Supplied data:
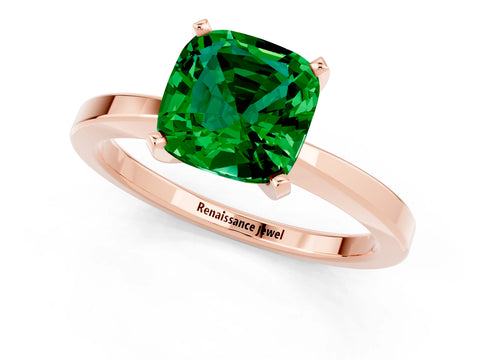 Rose gold Cushion Cut Emerald Solitaire Engagement Ring with Classic Band and Four-Prong Setting_25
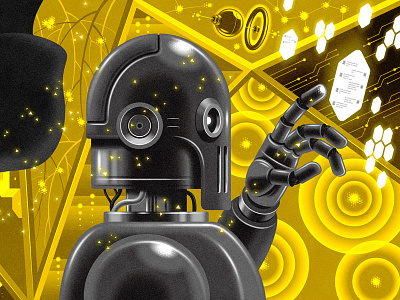 Artificial Intelligence conceptual digital editorial futuristic illustration robot surreal technology texture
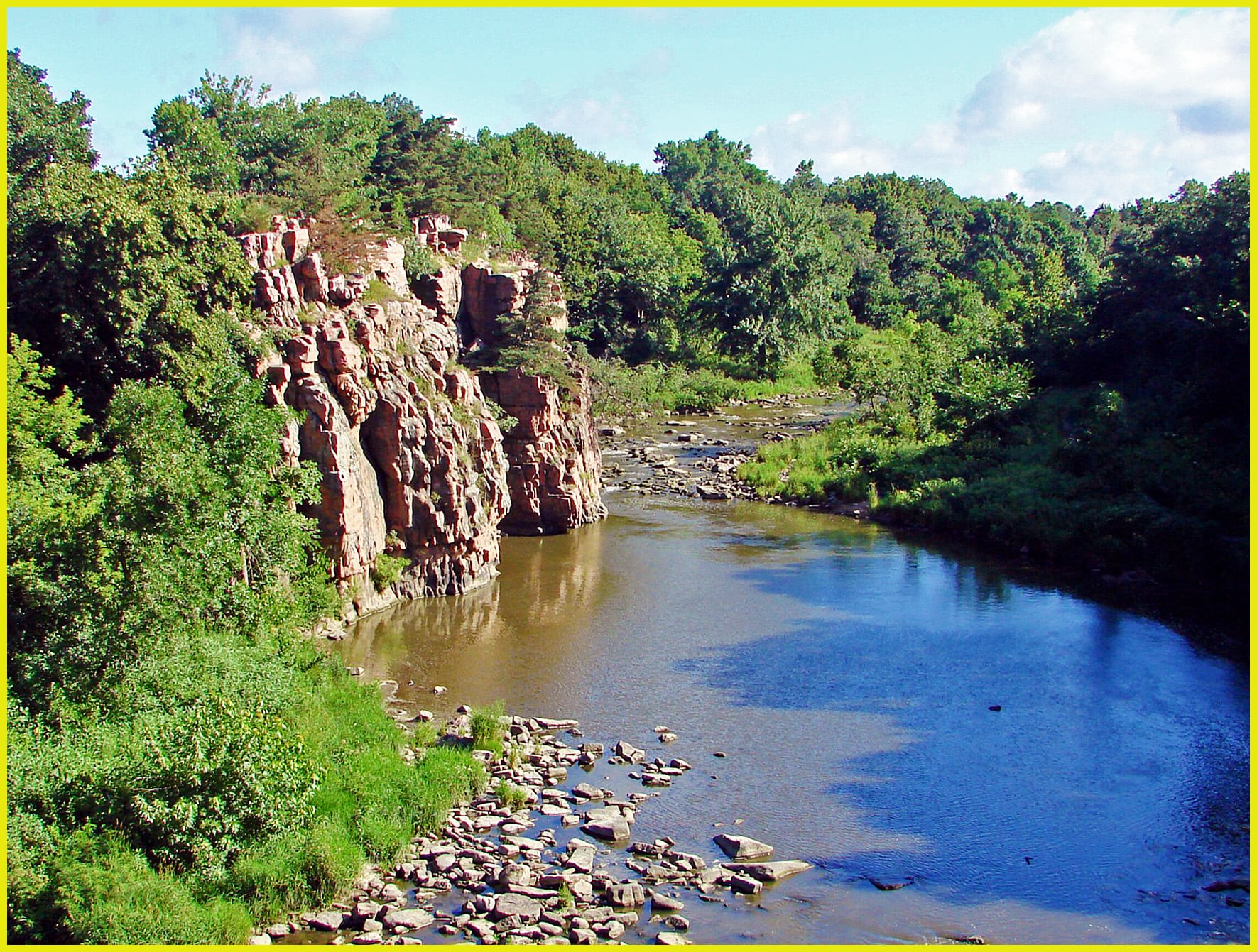 Split Rock Creek runs between pink quartzite walls at Palisades State Park in South Dakota.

Activity:
Output the full listing verbatim; pictures stay out.

Answer to this problem:
 Rose gold Cushion Cut Emerald Solitaire Engagement Ring with Classic Band and Four-Prong Setting_25
 Artificial Intelligence conceptual digital editorial futuristic illustration robot surreal technology texture
 Split Rock Creek runs between pink quartzite walls at Palisades State Park in South Dakota.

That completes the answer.